**Assigned task:** When the line containing "Foto: Cassini 2" is found in the data below, copy it and each line after it through the line containing "Einladung Weihnachtsfeier Vorlage", exactly and with no others.

*** Data listing Section Begins ***

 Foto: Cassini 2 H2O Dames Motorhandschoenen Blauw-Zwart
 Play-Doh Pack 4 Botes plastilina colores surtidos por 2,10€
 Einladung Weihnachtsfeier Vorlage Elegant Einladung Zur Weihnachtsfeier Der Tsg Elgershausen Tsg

*** Data listing Section Ends ***
*** Data listing Section Begins ***

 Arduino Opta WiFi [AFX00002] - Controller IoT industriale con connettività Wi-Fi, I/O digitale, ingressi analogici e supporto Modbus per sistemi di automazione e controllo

*** Data listing Section Ends ***

**Expected answer:**
 Foto: Cassini 2 H2O Dames Motorhandschoenen Blauw-Zwart
 Play-Doh Pack 4 Botes plastilina colores surtidos por 2,10€
 Einladung Weihnachtsfeier Vorlage Elegant Einladung Zur Weihnachtsfeier Der Tsg Elgershausen Tsg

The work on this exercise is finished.